[TRY IT] Strip the pictures, then copy the remaining data exactly as it stands.
[[ DATASET EXCERPT, beginning ]]
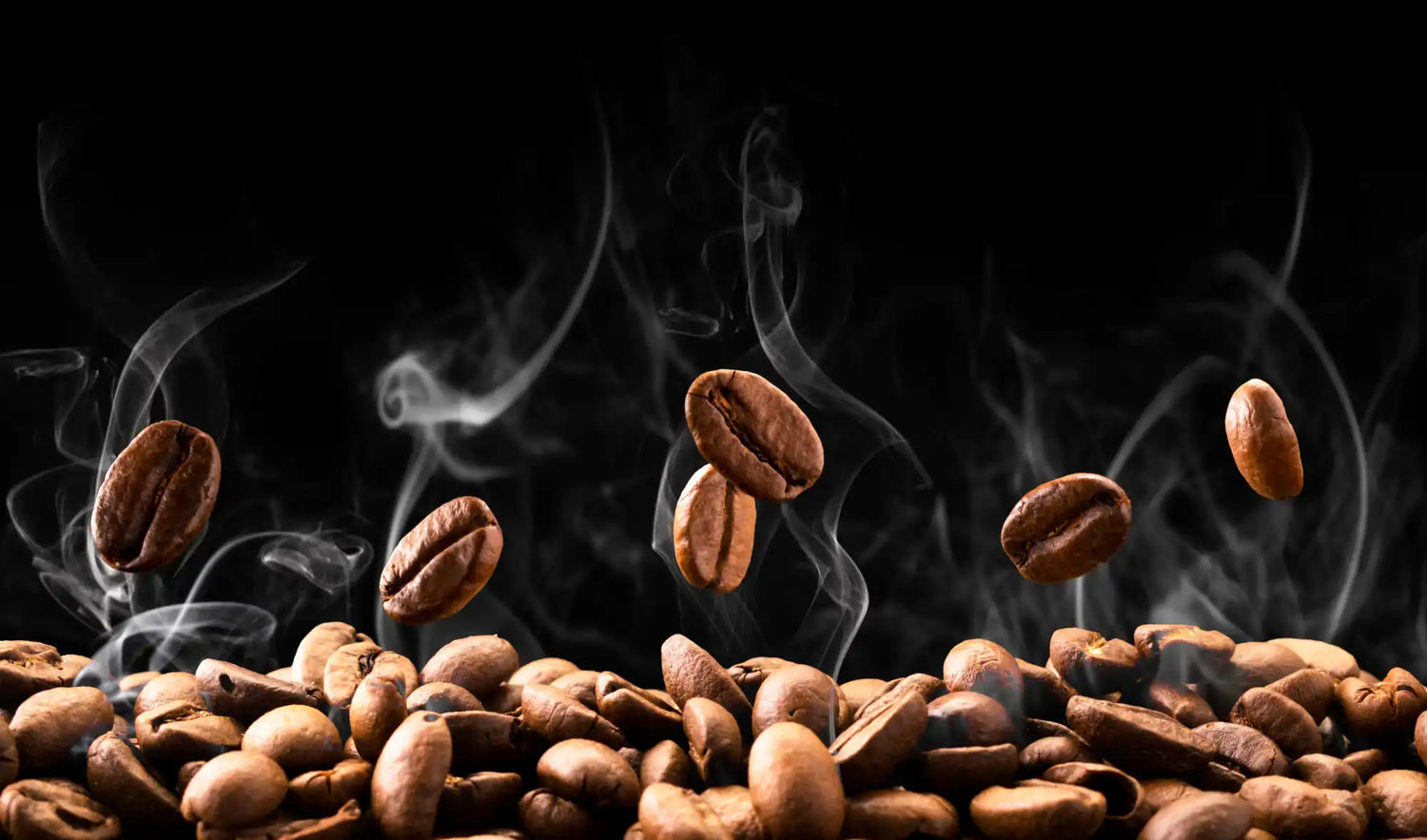 Coffee beans with rising steam against a dark backdrop.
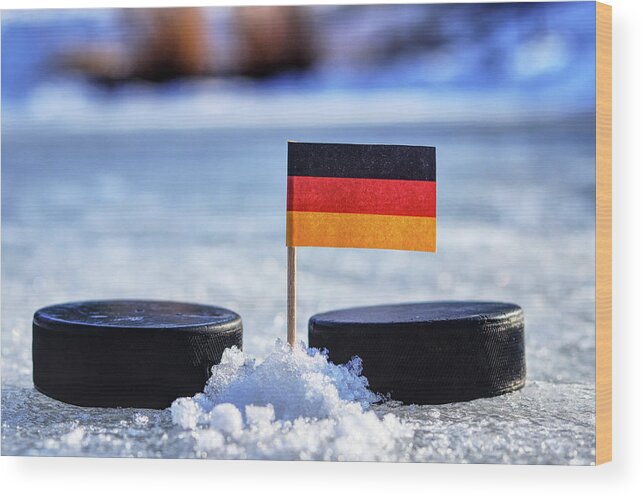 Germany Wood Print featuring the photograph Germany flag on toothpick between two hockey pucks. Winter classic. Flag on frozen pond on unkempt ice. Traditional pucks for international matches. by Vaclav Sonnek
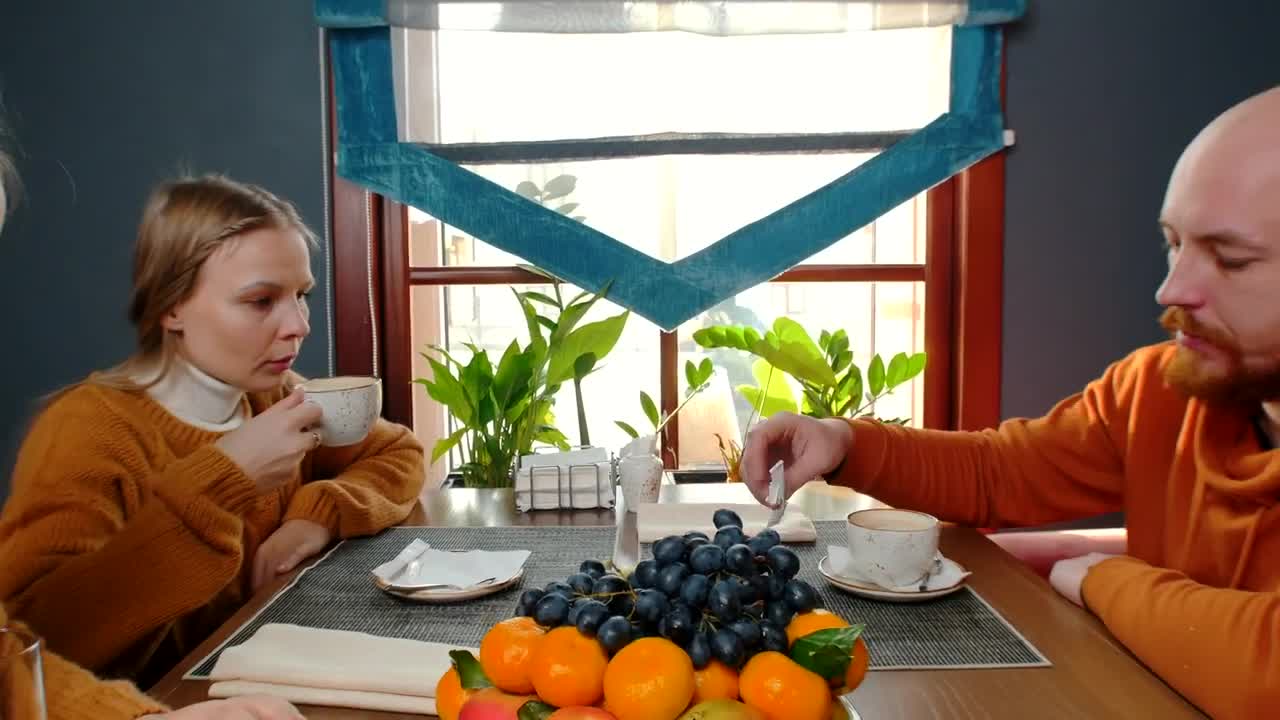 Stock Video Father And Her Daughters Drinking Coffee And Juice Live Wallpaper For PC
[[ DATASET EXCERPT, end ]]
[WRITTEN RESPONSE]
 Coffee beans with rising steam against a dark backdrop.
 Germany Wood Print featuring the photograph Germany flag on toothpick between two hockey pucks. Winter classic. Flag on frozen pond on unkempt ice. Traditional pucks for international matches. by Vaclav Sonnek
 Stock Video Father And Her Daughters Drinking Coffee And Juice Live Wallpaper For PC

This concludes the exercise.